# Task instructions
Give an exact reproduction of the lines from the one with "Y2k Sexy Cutout" to the final line of the entries below, both ends included, and omit the pictures.
Data for this task: Begin
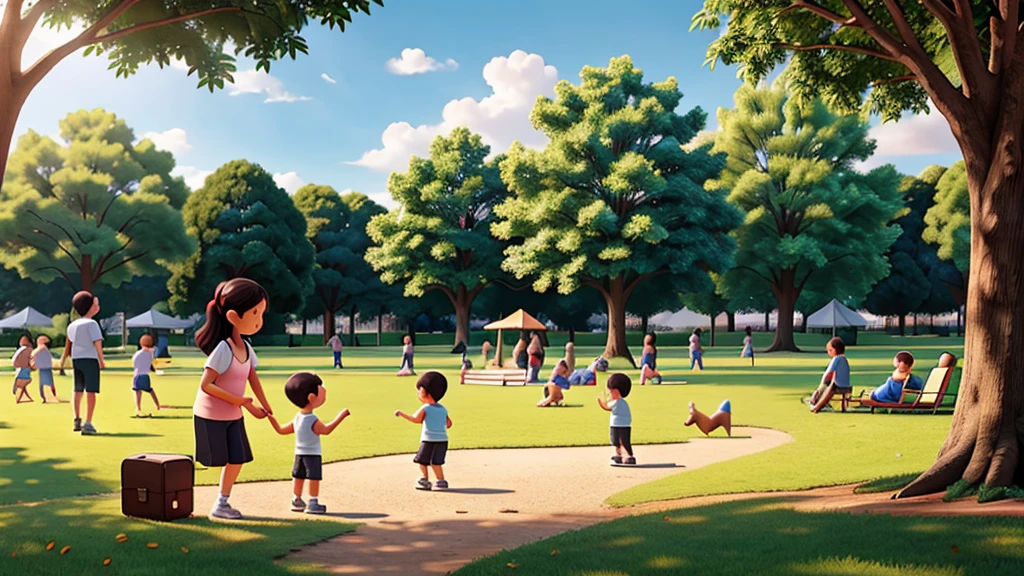 people playing with their children in the park illustration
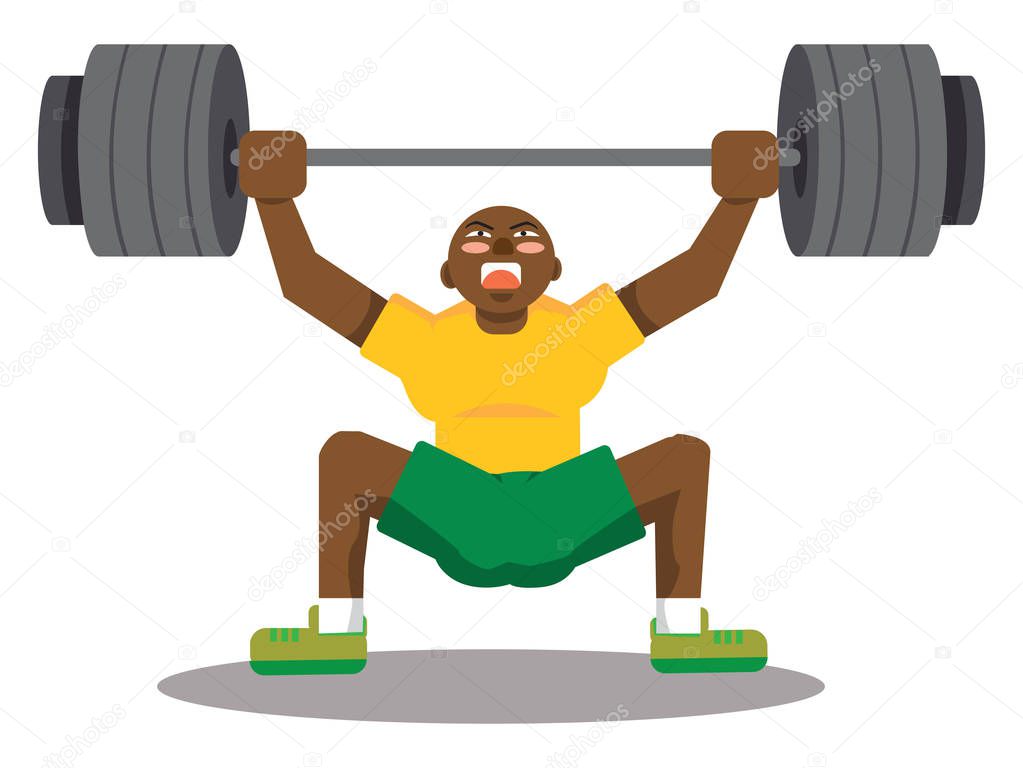 Black man doing snatch with weights, illustration, vector on whi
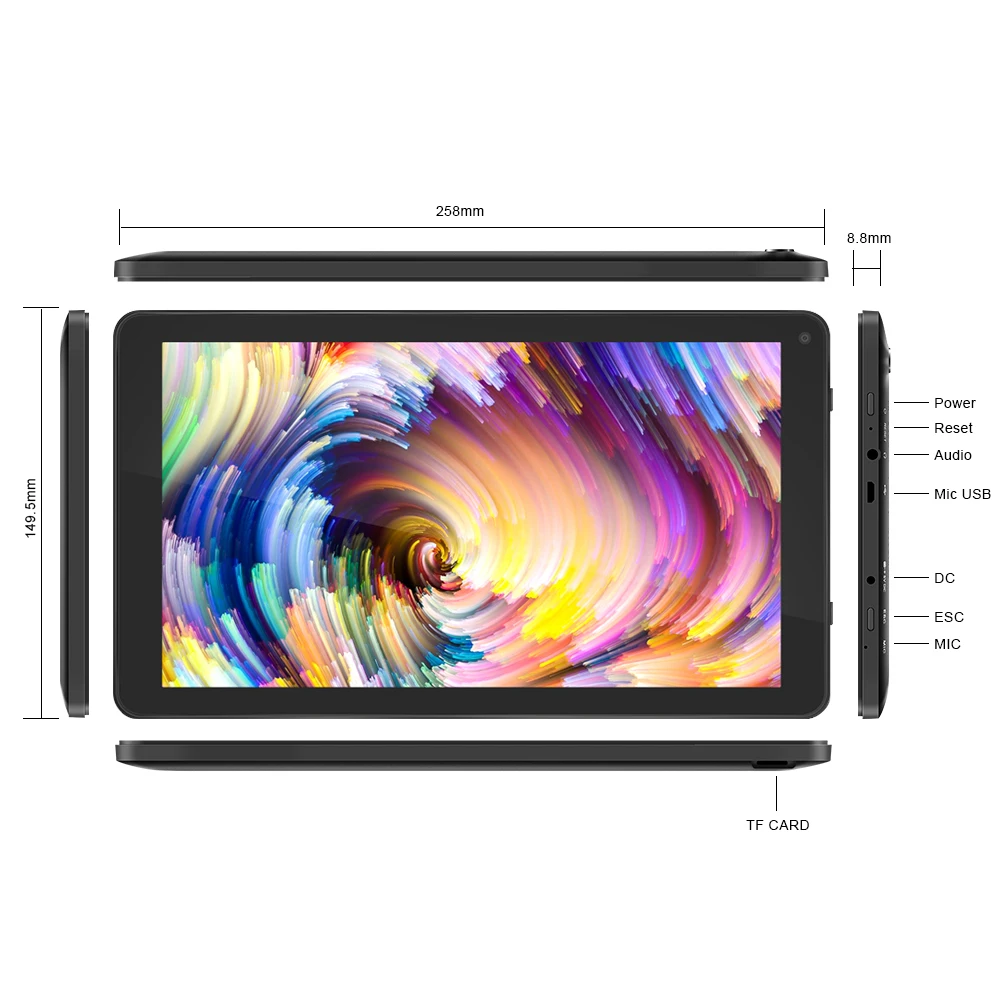 YUNTAB 10 1 дюймов D102 Android4.2 планшетный ПК Allwinner A33 четырехъядерный процессор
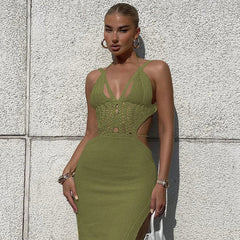 Y2k Sexy Cutout Backless Women Dress Summer Trend Solid Color Elegant Slit Stretch Straps Party Prom Club Bodycon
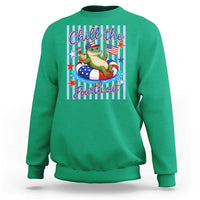 Funny Patriotic Alligator Sweatshirt Chill The Fourth Out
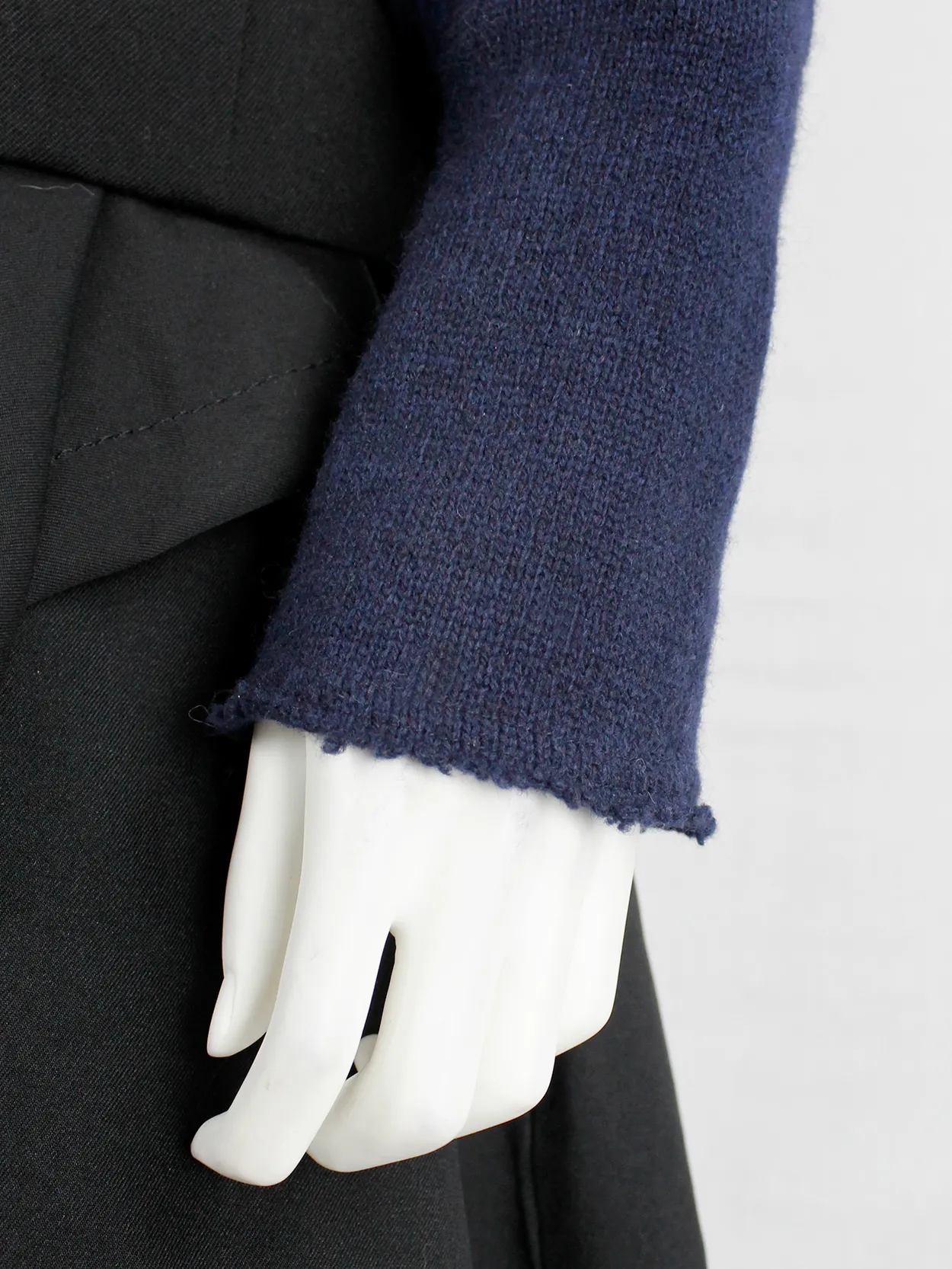 Comme des Garçons dark blue knit bolero with tied knot front closure — fall 2003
Data for this task: End
# Written response
 Y2k Sexy Cutout Backless Women Dress Summer Trend Solid Color Elegant Slit Stretch Straps Party Prom Club Bodycon
 Funny Patriotic Alligator Sweatshirt Chill The Fourth Out
 Comme des Garçons dark blue knit bolero with tied knot front closure — fall 2003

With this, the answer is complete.